HA Controller (Redis)

PrexorCloud HA is active-active with lease-scoped work. Multiple controllers run simultaneously against the same MongoDB and Valkey; any healthy controller serves REST and gRPC. Mutating work is serialised through Valkey leases with monotonic fencing tokens — there is no single primary waiting for failover. This guide adds a second controller to a single-controller install, validates the failover, and covers operator-facing HA semantics.

What you’ll build

flowchart LR
  D["dashboard / prexorctl"] --> LB["L4 load balancer<br/>:8080 :9090"]
  LB --> C1["controller-1"]
  LB --> C2["controller-2"]
  C1 <-->|leases + pubsub| V[("Valkey")]
  C2 <-->|leases + pubsub| V
  C1 -->|state| M[("MongoDB")]
  C2 -->|state| M
  C1 --> N1["daemon node-1"]
  C2 --> N2["daemon node-2"]

Two controllers, one Valkey, one Mongo, lease-scoped writes, ~15-second failover with no manual intervention.

Prerequisites

PrexorCloud v1.0+ controller already running (single-node) on controller-1.
A shared MongoDB (replica set recommended) reachable from both controller hosts.
A shared Valkey (or Redis-protocol-compatible) reachable from both controller hosts. Valkey ships with the project’s Compose stack.
Reasonably synchronised clocks across controllers (NTP). Fencing protects against split-brain writes; clock skew only affects lease expiry timing.
An L4 load balancer (HAProxy, nginx-stream, AWS NLB, Cloudflare Spectrum) in front of :8080 (REST) and :9090 (gRPC). Round-robin is fine.

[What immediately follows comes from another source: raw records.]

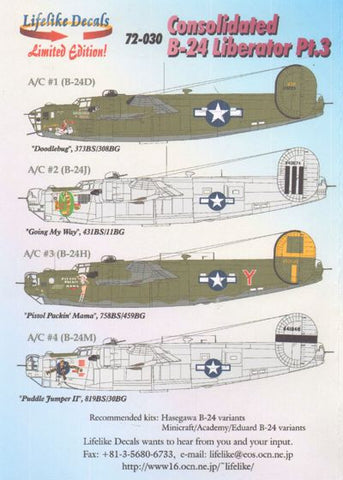 Lifelike 1/72 decal Consolidated B-24 Liberator Pt 3 - 72-030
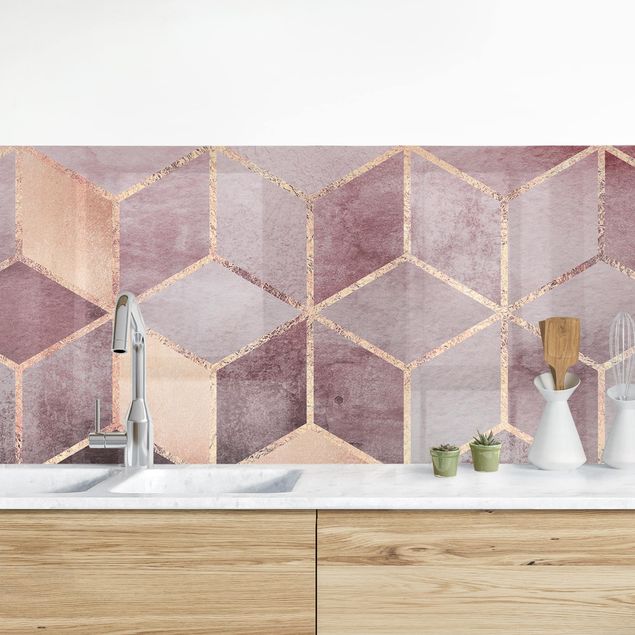 Küchen Deko Rosa Grau goldene Geometrie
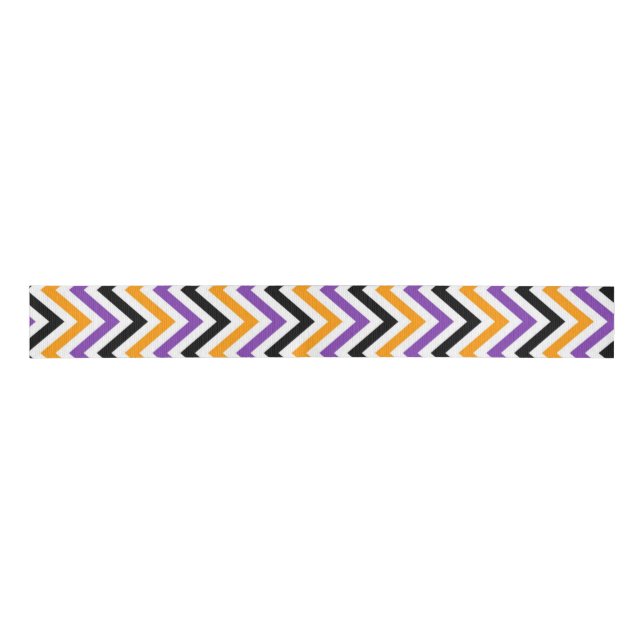 Halloween Zigzag - feines saisonales Muster Ripsband (Vorderseite)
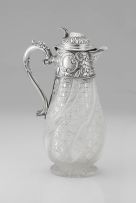 A Victorian silver-mounted glass claret jug, W&G Sissons, Sheffield, 1889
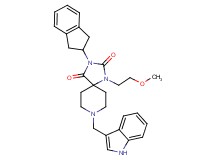 3-(2,3-dihydro-1H-inden-2-yl)-8-(1H-indol-3-ylmethyl)-1-(2-methoxyethyl)-1,3,8-triazaspiro[4.5]decane-2,4-dione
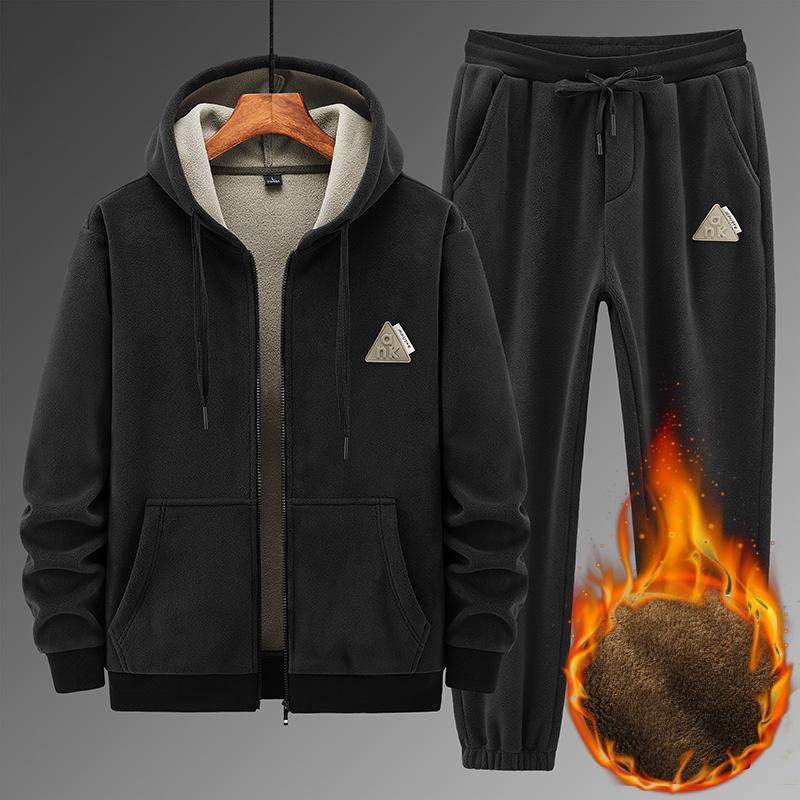 Зимний плюшевый мужской комплект, плюшевый свитер с капюшоном из ягненка, хлопковые брюки, повседневный спортивный и теплозащитный комплект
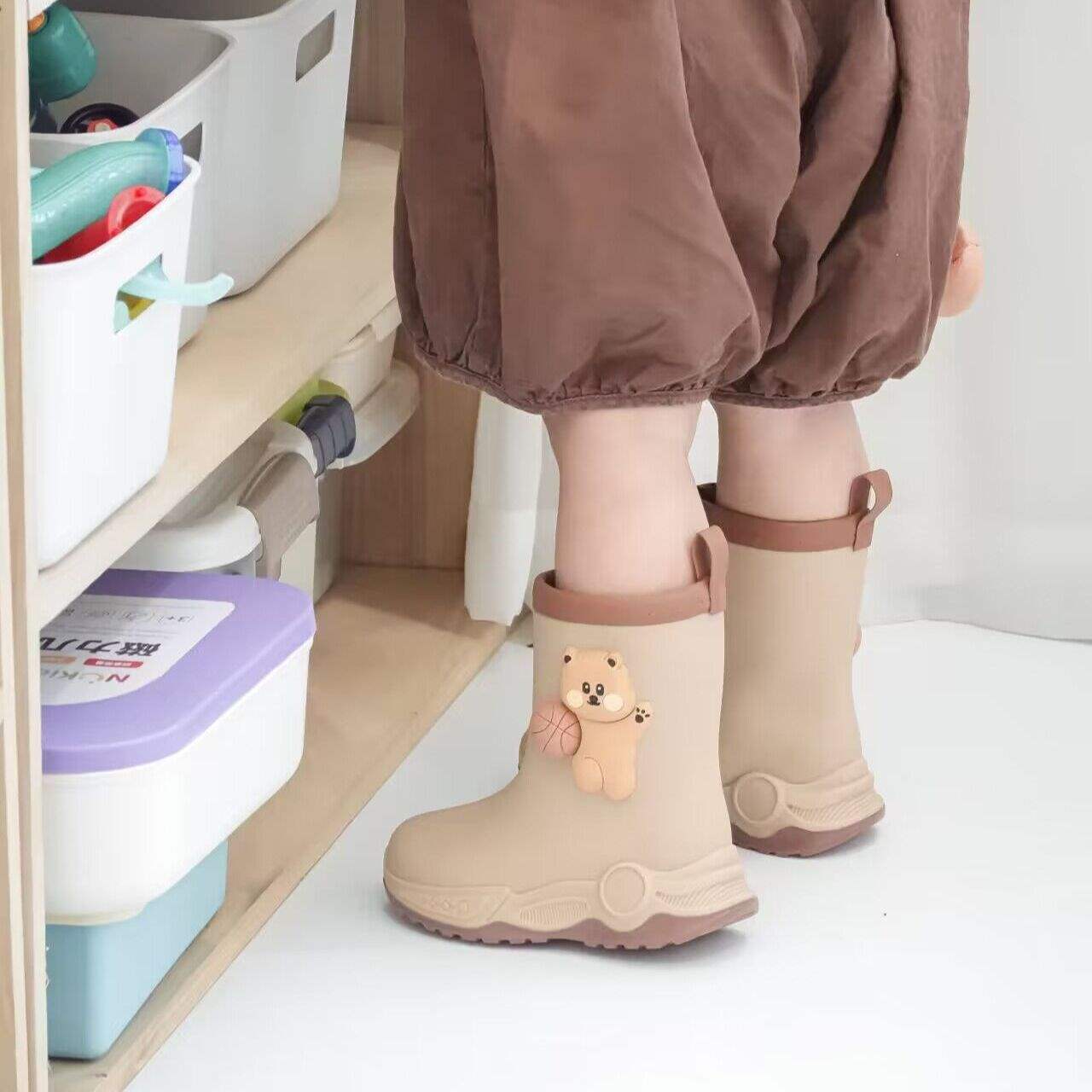 2025 New Rain Boots for Kidsren, Boys and Girls, Kidsren's Non-Slip School High-Top Cute Rain Boots, Water Shoes and Rubber Shoes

1. Confirm the existing controller runs in `production` profile

HA requires the production wiring graph (RedisRuntimeServices). Check /etc/prexorcloud/controller.yml:

runtime:
  profile: production
redis:
  uri: "redis://valkey.internal:6379"
mongo:
  uri: "mongodb://mongo-rs/prexorcloud?replicaSet=rs0"

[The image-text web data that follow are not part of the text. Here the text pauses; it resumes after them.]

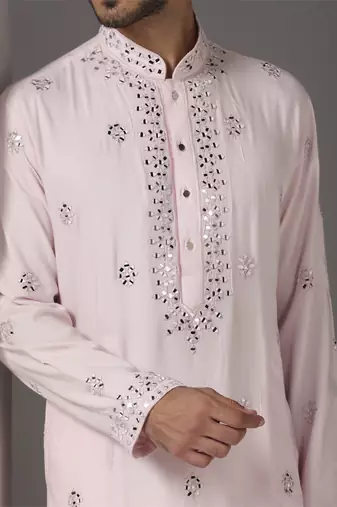 Pink embroidered cotton kurta pajama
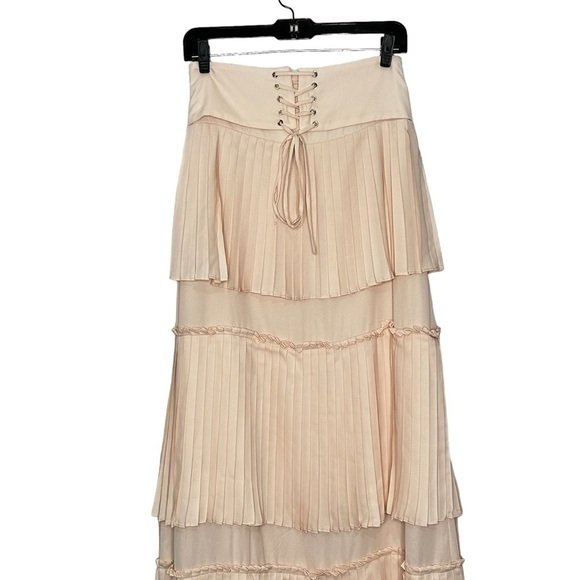 English Factory Peach Colored  tiered Accordion Pleated Maxi Skirt Sz 2/4 - Picture 3 of 11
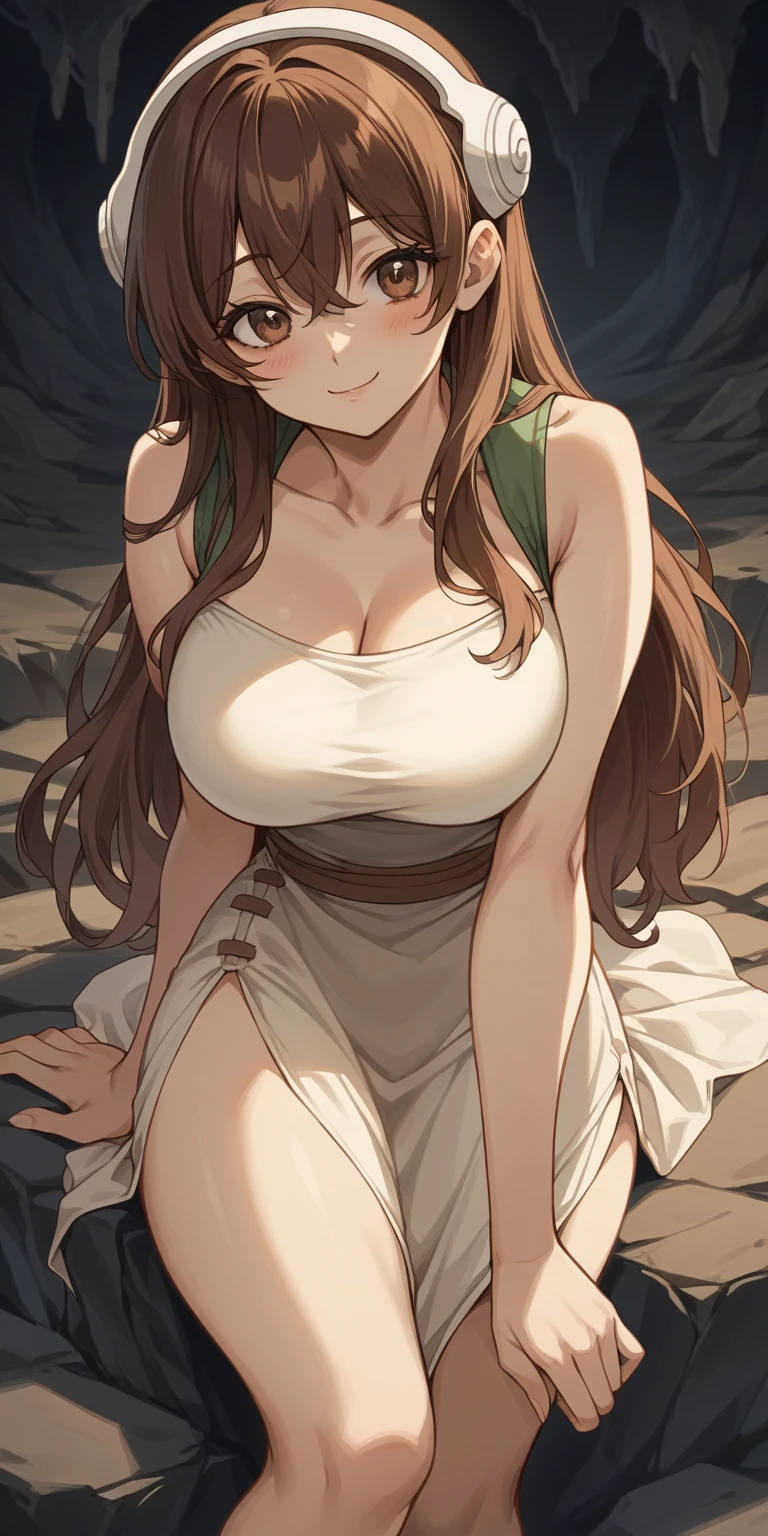 score_9, score_8_up, score_7_up, source_anime, yuzurikha ,  long hair, bang,  brown hair ,  brown eye , bare side, bare legs,  bare shoulders are visible,  headphones, ( huge breasts:0.8),( huge hips :0.6),  open shoulders , clavicle, shoulder,  vest ,  beige bandeau dress,  side cut,  very seductive position , on the rocks ,  next to the cave , dark sky, smile,  style to blush,  looks at the viewer, One,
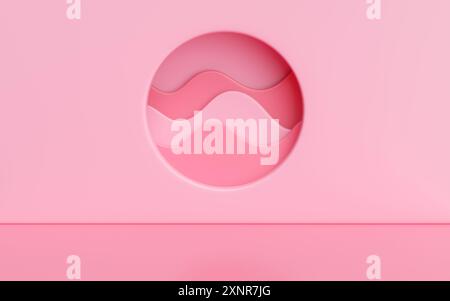 Leerer Hintergrund in rosa Pastellfarben mit kreisförmigem Fenster in der Wand und abstrakter Wellenform. 3D-Rendering-Abbildung Stockfoto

ConfigValidator rejects a production config without a configured coordination store. If yours says profile: development, switch to production and restart the controller before continuing.

2. Add the second controller

On the new host (controller-2), point the installer at the existing Mongo and Valkey and skip bootstrapping:

sudo prexorctl setup \
    --component controller \
    --controller-mongo-uri "mongodb://mongo-rs/prexorcloud?replicaSet=rs0" \
    --controller-redis-uri "redis://valkey.internal:6379" \
    --bootstrap=false \
    --non-interactive

--bootstrap=false skips admin-user creation (the existing controller already has one) and skips CA generation (the new controller reads the existing CA from Mongo). Within ~15 seconds:

prexorctl status
# CONTROLLERS
#   controller-1   READY   leases=4
#   controller-2   READY   leases=2

Both controllers compete for leases; mutating work distributes automatically. Reads serve from any.

3. Put the load balancer in front

Example HAProxy snippet:

frontend prexor-rest
    bind :8080
    default_backend prexor-rest-be

backend prexor-rest-be
    option httpchk GET /api/v1/system/ready
    server c1 controller-1.internal:8080 check inter 5s fall 2 rise 2
    server c2 controller-2.internal:8080 check inter 5s fall 2 rise 2

frontend prexor-grpc
    bind :9090
    mode tcp
    default_backend prexor-grpc-be

backend prexor-grpc-be
    mode tcp
    balance roundrobin
    server c1 controller-1.internal:9090 check
    server c2 controller-2.internal:9090 check

/api/v1/system/ready is the single liveness endpoint — it returns 200 only when both coordination.store=available and state.store=available.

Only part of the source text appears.